BEGIN Records provided

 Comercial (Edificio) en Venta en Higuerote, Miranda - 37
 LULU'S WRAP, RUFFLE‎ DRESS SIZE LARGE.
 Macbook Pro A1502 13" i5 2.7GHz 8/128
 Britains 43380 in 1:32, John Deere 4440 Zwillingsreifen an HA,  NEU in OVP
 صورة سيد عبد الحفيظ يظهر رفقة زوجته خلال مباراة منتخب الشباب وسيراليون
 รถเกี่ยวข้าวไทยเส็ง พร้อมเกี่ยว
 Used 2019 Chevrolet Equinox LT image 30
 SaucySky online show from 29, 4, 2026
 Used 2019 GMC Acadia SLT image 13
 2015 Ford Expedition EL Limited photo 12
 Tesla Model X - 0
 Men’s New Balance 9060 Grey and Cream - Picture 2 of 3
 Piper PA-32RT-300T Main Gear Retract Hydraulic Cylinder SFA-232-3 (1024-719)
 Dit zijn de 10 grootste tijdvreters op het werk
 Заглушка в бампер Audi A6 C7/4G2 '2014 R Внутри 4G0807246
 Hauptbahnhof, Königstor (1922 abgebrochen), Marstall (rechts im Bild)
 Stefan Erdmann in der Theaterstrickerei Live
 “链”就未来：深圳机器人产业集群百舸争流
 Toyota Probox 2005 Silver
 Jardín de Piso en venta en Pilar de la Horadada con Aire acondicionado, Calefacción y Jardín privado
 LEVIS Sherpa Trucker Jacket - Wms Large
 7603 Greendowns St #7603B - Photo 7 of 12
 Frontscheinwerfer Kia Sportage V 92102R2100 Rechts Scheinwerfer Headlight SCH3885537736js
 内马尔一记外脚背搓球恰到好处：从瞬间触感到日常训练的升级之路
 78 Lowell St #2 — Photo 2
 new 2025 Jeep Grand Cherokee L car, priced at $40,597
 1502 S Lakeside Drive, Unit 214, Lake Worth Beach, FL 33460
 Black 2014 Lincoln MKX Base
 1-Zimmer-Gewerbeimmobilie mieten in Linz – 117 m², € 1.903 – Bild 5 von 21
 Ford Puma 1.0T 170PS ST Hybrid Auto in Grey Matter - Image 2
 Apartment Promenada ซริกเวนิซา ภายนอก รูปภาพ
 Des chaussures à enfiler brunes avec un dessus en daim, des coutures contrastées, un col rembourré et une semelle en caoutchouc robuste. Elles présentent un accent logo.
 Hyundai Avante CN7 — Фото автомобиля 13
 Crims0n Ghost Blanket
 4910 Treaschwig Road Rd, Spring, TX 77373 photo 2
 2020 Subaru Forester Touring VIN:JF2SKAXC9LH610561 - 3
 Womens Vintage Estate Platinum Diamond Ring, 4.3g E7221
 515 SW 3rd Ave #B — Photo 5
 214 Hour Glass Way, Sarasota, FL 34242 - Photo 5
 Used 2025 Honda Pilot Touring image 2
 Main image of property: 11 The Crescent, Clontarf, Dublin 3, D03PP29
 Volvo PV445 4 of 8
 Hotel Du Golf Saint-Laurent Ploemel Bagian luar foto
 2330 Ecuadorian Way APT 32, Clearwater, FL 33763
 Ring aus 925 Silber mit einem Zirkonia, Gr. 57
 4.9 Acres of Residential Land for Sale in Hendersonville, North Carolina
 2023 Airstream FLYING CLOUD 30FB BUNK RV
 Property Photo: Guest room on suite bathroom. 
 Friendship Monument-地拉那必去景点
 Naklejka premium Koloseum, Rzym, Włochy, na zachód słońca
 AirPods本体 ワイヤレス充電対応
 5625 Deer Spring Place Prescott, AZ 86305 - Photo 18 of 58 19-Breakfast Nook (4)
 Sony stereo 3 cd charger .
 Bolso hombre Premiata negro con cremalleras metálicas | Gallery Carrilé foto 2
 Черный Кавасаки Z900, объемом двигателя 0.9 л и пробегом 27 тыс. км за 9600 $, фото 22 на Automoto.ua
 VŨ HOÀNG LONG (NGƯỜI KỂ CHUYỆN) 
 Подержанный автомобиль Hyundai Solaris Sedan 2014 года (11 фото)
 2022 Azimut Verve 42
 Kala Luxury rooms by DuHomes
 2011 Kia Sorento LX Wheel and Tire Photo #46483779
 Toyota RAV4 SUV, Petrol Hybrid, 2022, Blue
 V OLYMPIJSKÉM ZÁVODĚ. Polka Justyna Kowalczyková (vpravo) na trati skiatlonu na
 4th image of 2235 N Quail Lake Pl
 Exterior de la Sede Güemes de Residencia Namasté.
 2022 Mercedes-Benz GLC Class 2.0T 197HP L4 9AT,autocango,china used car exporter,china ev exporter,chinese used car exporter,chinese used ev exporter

END Records provided

Your task:
For this exercise, please output exactly the lines above starting at the line with "214 Hour Glass" and ending at the line with "Sony stereo 3 cd charger .", ends included.

Response to the exercise:
 214 Hour Glass Way, Sarasota, FL 34242 - Photo 5
 Used 2025 Honda Pilot Touring image 2
 Main image of property: 11 The Crescent, Clontarf, Dublin 3, D03PP29
 Volvo PV445 4 of 8
 Hotel Du Golf Saint-Laurent Ploemel Bagian luar foto
 2330 Ecuadorian Way APT 32, Clearwater, FL 33763
 Ring aus 925 Silber mit einem Zirkonia, Gr. 57
 4.9 Acres of Residential Land for Sale in Hendersonville, North Carolina
 2023 Airstream FLYING CLOUD 30FB BUNK RV
 Property Photo: Guest room on suite bathroom. 
 Friendship Monument-地拉那必去景点
 Naklejka premium Koloseum, Rzym, Włochy, na zachód słońca
 AirPods本体 ワイヤレス充電対応
 5625 Deer Spring Place Prescott, AZ 86305 - Photo 18 of 58 19-Breakfast Nook (4)
 Sony stereo 3 cd charger .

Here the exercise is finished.